32.7 - Querying Multiple Tables32.7 - Querying Multiple Tables
So far, all the examples in this lesson are querying a single table. However, as matter of fact, you can specify multiple tables in the FROM clause. Querying more than more table at a time makes PROC SQL even more powerful in data manipulation.
The following examples use two tables:
Survey Data (survey.sas7bdat) contains:
ID, Gender, GPA, SmokeCigarrets, SATM, SATV
Survey2 Data (survey2.sas7bdat) contains:
ID, Seating, DiveInfluence, Height, Weight
Download these two tables if you have not done so. Revise the
libnameto reflect the directory that you save the files.
The following program attempts to get demographic information about students from two separate tables, survey and survey2:
PROC SQL; create table demo_info as select ID, Gender, Height, Weight from stat482.survey, stat482.survey2; QUIT;
Let’s review the code. In this SQL procedure, we used the CREATE TABLE clause to save and name the new table as
demo_info. The subsequent SELECT clause chooses ID, gender, height and weight columns from two tables. In FROM clause, two tables’ names are listed.
Launch and run the SAS program. You should expect no result in the output window because the CREATE TABLE clause suppresses output. On the other hand, check the log window and you will find the error message: “Ambiguous reference, column ID is in more than one table”.
ERROR: Ambiguous reference, column ID is in more than one table.
As you observed two tables, ID is in both tables and contains the same information. If a column in the SELECT statement appears in multiple tables, the table it is chosen from has to be specified by adding the table’s name in front as this:
So to make it right, we revise the previous program a little bit: change ID to survey.ID, which means that we use ID from survey data. The other change is the tables’ names. You can give a table an alias with or without the keyword AS after its original name.

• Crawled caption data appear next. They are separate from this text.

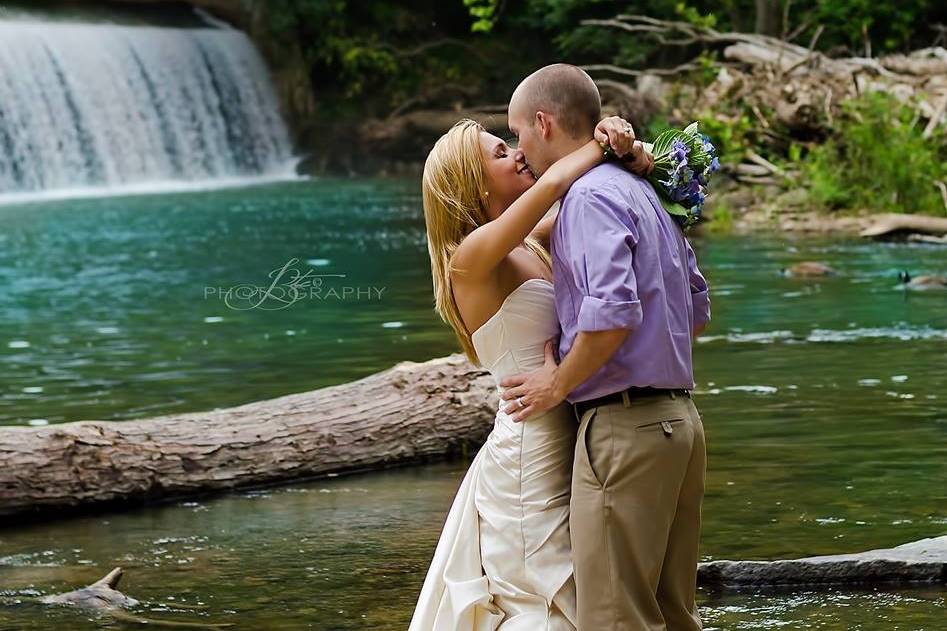 Brinlee & Reid Smetzer - images taken for thier post wedding shoot - Love the Dress!
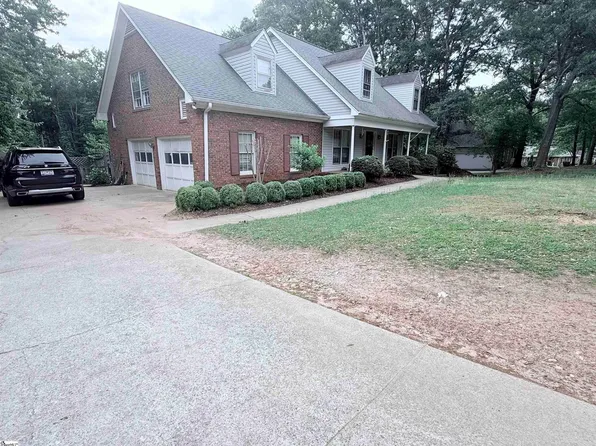 605 Millbrook Dr, Spartanburg, SC 29301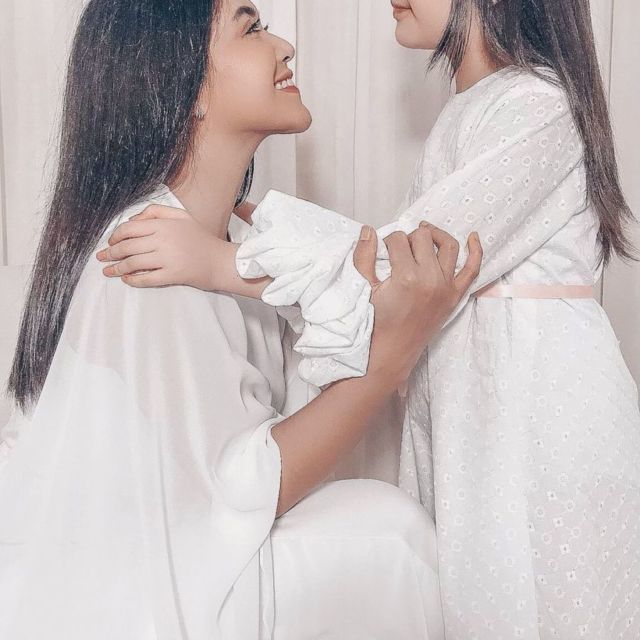 Momen 10 Artis yang Lebaran di Luar Negeri. Tetap Enjoy Meski Beda Suasana dan Jauh dari Kerabat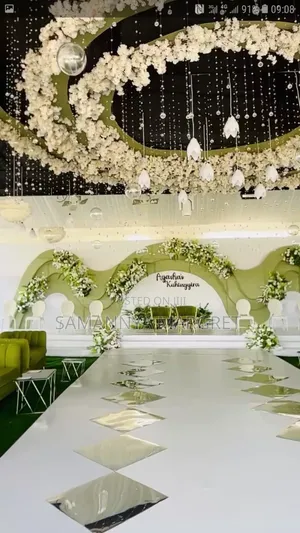 Introduction Decor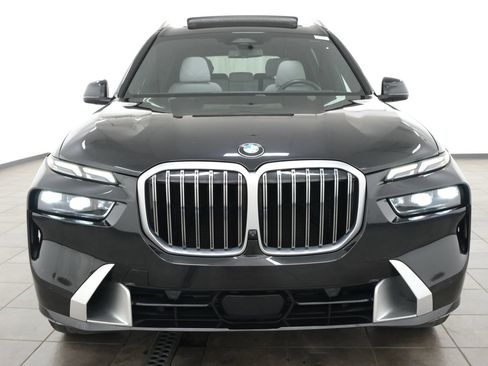 Used 2024 BMW X7 xDrive40i w/ Premium Package AWD/4WD image 7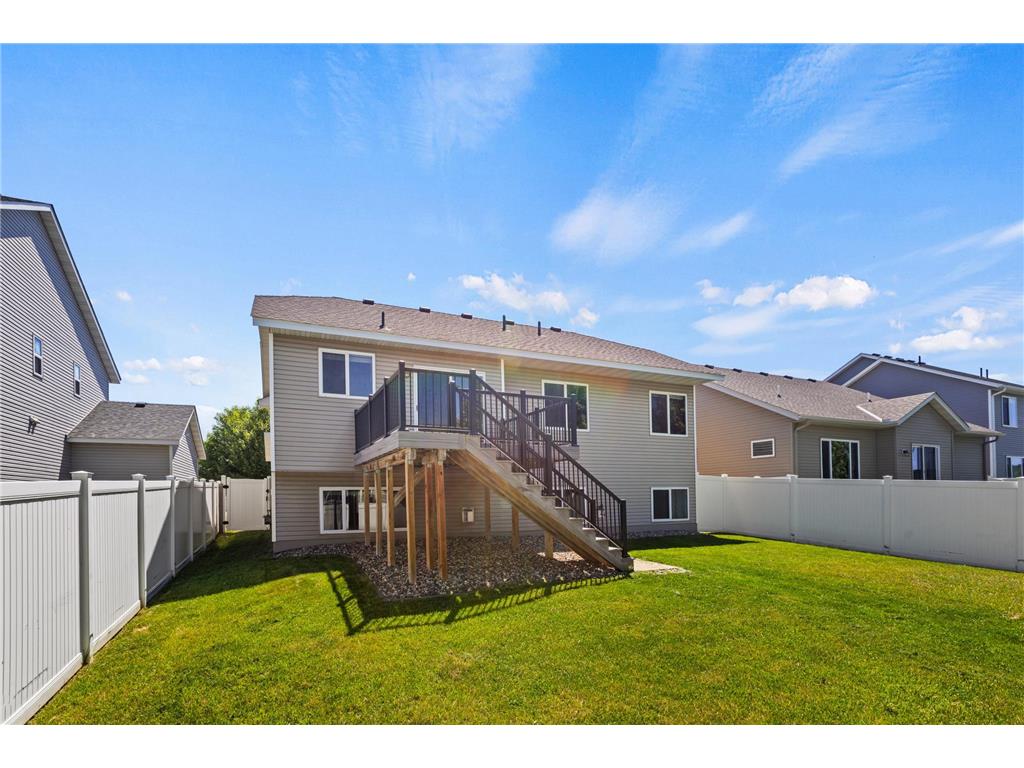 9420 Toledo Lane N Brooklyn Park MN 55443 7081980 image38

In the following program, we use S1 for survey data and S2 to survey2 data. And as you can see, it’s okay to use one level alias even for a permanent file. This makes life easier! In this way, ID can be specified as S1.ID.

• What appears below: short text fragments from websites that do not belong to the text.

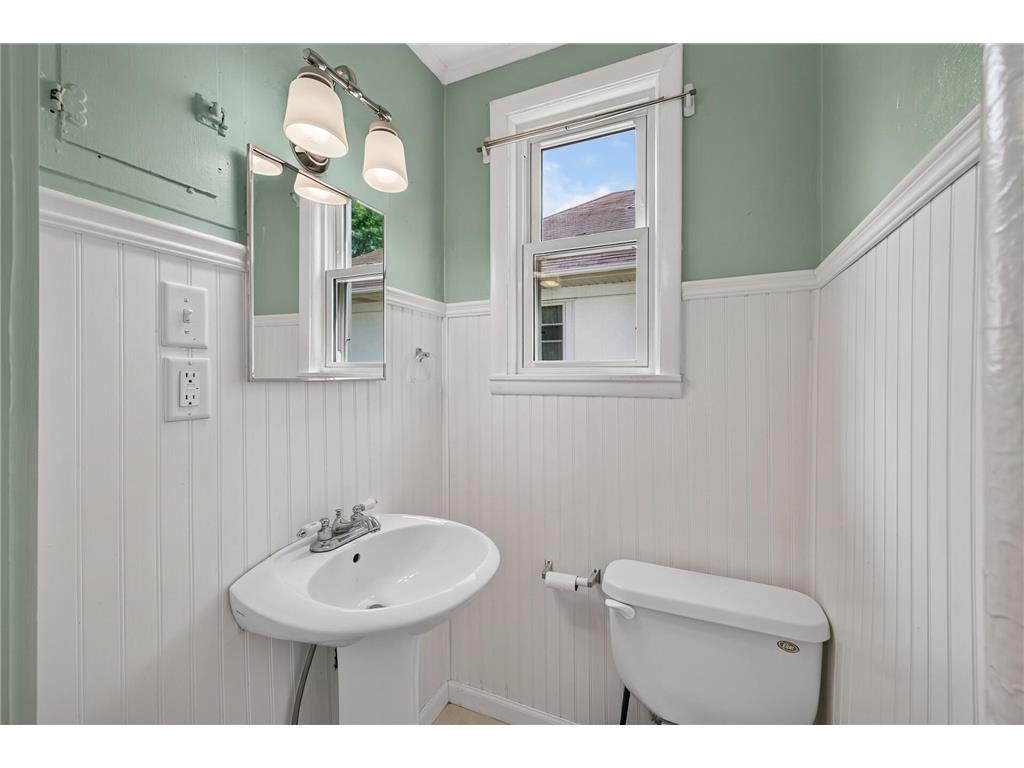 998 Woodbridge Street Saint Paul MN 55117 7101064 image11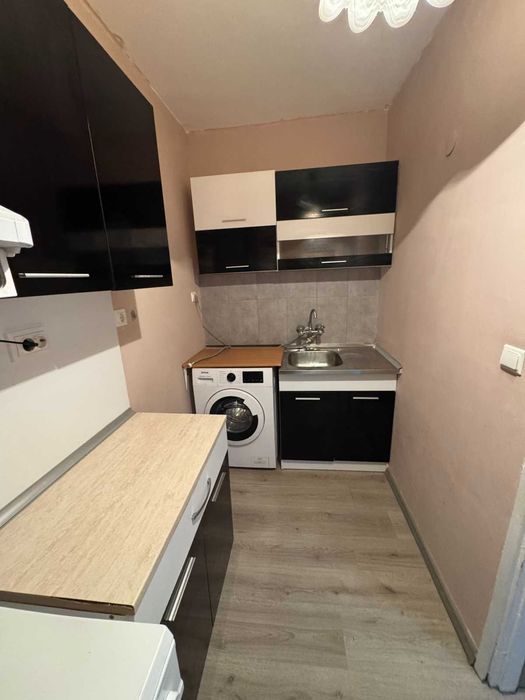 Предлагаме за продажба двустаен апартамент в ЕПК блок, в Славейков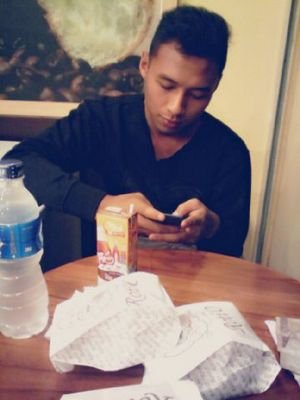 There is one who kisses, and the other who offers a cheek••• selalu ceria ~~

PROC SQL; create table demo_info as select s1.ID, Gender, Height, Weight from stat482.survey as s1, stat482.survey2 as s2; QUIT;
Everything seems good. Now launch and run the SAS program. As before, there is no output because of the CREATE TABLE statement. Check the log file in which there are two notes that need your attention.
NOTE: The execution of this query involves performing one or more Cartesian product joins that can not be optimized.
NOTE: Table WORK.DEMO_INFO created, with 51076 rows and 4 columns.
The first is “ The execution of this query involves performing one or more Cartesian product joins that can not be optimized”. What is a Cartesian product? It refers to a query result in which each row in the first table is combined with every row in the second table. If you specify multiple tables in FROM clause but do not use a WHERE clause to choose needed rows, a Cartesian product is generated. For example,
If we submit the following program:
from table1, table2;
Table1 has 3 rows; Table2 has 3 rows as well. Their Cartesian product contains (3*3)9 rows.
In the program for this example, there is no WHERE clause. So SAS generated a Cartesian product and gave you the note. Both Survey and Survey2 have 226 rows in the table. The query should have (226*226) = 51076 rows as the result. That’s why you got the other note, “Table Work.demo_info created, with 51076 rows and 4 columns.” Clearly, this can’t be correct. How do we get the desired result? Let’s make a final push.
The following program selects the demographic information of students (ID, gender, height and weight) from two tables, survey and survey2:
PROC SQL; create table demo_info as select s1.ID, Gender, Height, Weight from stat482.survey as s1, stat482.survey2 as s2 where s1.ID = s2.ID; select * from demo_info; QUIT;
Let’s check through the code. Only one more clause has been added to the query, WHERE. We use the WHERE clause to subset the whole Cartesian product by only selecting the rows with matched ID numbers. Note that the column names in the WHERE clause do not have to be the same. At last, to be able to check the table in person, another query is added to display the data in the output window.
Launch and run the SAS program, and review the log file and the output.
NOTE: Table WORK.DEMO_INFO creates, with 226 rows and 4 columns.
Finally, we got what we want. As you can see from the query result, it’s like combining two columns from each table horizontally. SAS also call it join. In this particular case, since we only chose the matched rows, it’s also called the inner join. Such type of join is very similar to Merge By in the DATA step but requiring less computing resources and less coding. There are other types of join and data union (a vertical combination of rows) in PROC SQL which are beyond this lesson’s scope. If you are interested, you can explore them yourself with the foundation of this lesson!